When the National Zoo’s female sloth bear, Khali, delivered three cubs last December, she consumed one of them right after it was born.
Carnivores do this in the wild when there is a sick offspring. A deceased cub in the den can draw predators, the zoo said.
But a week later, when Khali consumed a second cub, keepers feared for the third. So for the first time in the zoo’s history, keepers took a sloth bear cub from its mother to raise by hand.
Three months later, after weeks of incubators, midnight feedings and quiet sessions in a rocking chair, the sickly cub has grown into a healthy 11-pound sphere of black fur and relentless curiosity.
On Tuesday, keepers showed off their foundling as it clambered around its enclosure and downed a warmed bottle of formula.
A full-grown sloth bear can vacuum 50,000 termites a day with its flexible lips.
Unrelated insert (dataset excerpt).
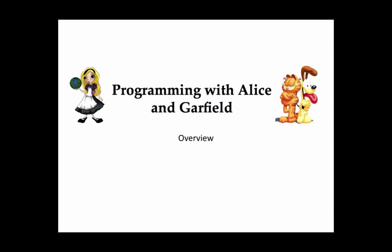Part 1 of this tutorial will walk you through setting up the scene. Part 2 will illustrate how to write the program code.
And the zoo’s sloth bears like nothing better than a yummy handful of big, brown meal worms.
Not the thing to draw oohs and aahs from the panda crowd.
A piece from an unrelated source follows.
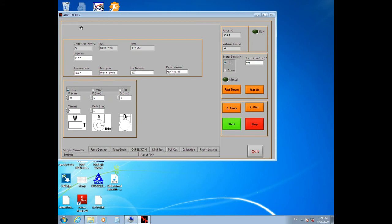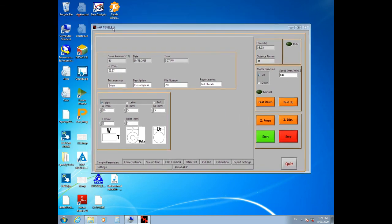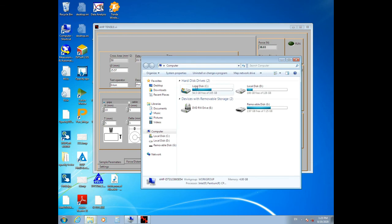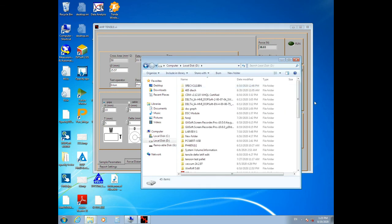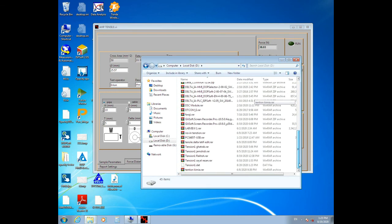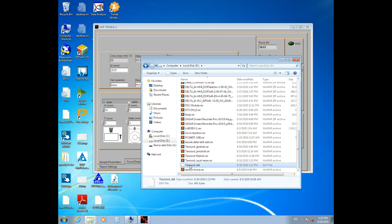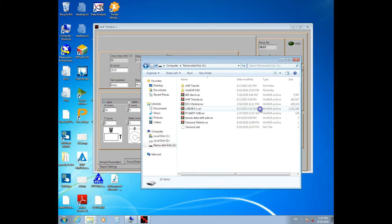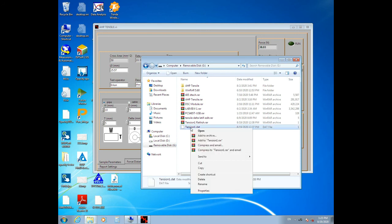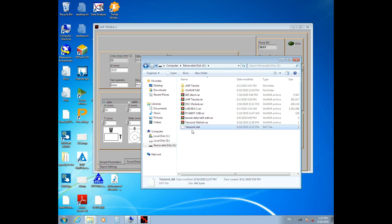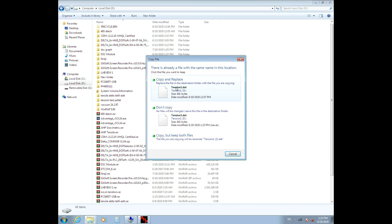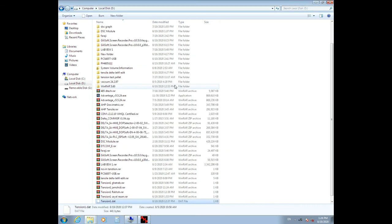After that, a file named Tensile1.dat has been created on your Drive D. Go to your USB flash and copy the Tensile1 file. Go back to Drive D, paste it here, and click copy and replace. This file contains calibration values of your machine that provides data for your software.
But sloth bears are highly intelligent animals, who keepers say have complex emotions — including fear and outrage — and vibrant personalities, and who enjoy watching videos.
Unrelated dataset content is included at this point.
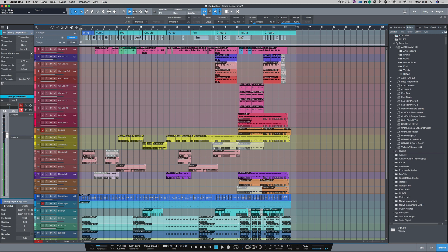Hi, I'm Paul from Production Expert. In this video I'm going to show you how to use video inside of Studio One.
They are far more energetic than the indolent giant pandas, their advocates say.
And the keepers are proud to have saved the animal, which comes from one of the world’s vulnerable species.
The three cubs were born Dec. 29. The first cub was eaten by the mother 20 minutes after it was born. The second was consumed Jan. 6, and the third was “pulled” from the mother a short time later.
“It’s a serious decision if you’re going to pull a cub,” said Mindy Babitz, a sloth bear expert at the zoo. “We want cubs to be raised by their mom. That’s an ideal situation. We’re doing everything we can to be a surrogate mom to her. But we’re not bears.”
Keepers extracted the frail, one-pound newborn from the den while the mother was in another area. They took it to the zoo’s animal hospital and placed it in an incubator.
“She was actually very sick when we pulled her,” Babitz said. The cub was suffering from cold and some kind of infection. She was given fluids and antibiotics and placed on a heating pad.
Babitz said Khali, who previously reared healthy cubs before she came to the zoo, may have consumed the other two because she sensed that all three were sick. Khali is in good health now. The plan is to eventually return the cub to its mother, or another adult sloth bear.
“It’s normal for mom to consume her cub if it’s compromised in some way, or if the mom is compromised in some way,” said Babitz, who has a doctorate in animal psychology.
“Life is tough in the wild,” she said. “If a cub were to pass away and you were to just leave that carcass laying around, that would attract a predator. And that’s not safe for mom.
“When she consumed that second cub, that’s what alerted us to, ‘Okay, something’s probably wrong,’ and that’s why we went ahead and pulled the third one,” Babitz said.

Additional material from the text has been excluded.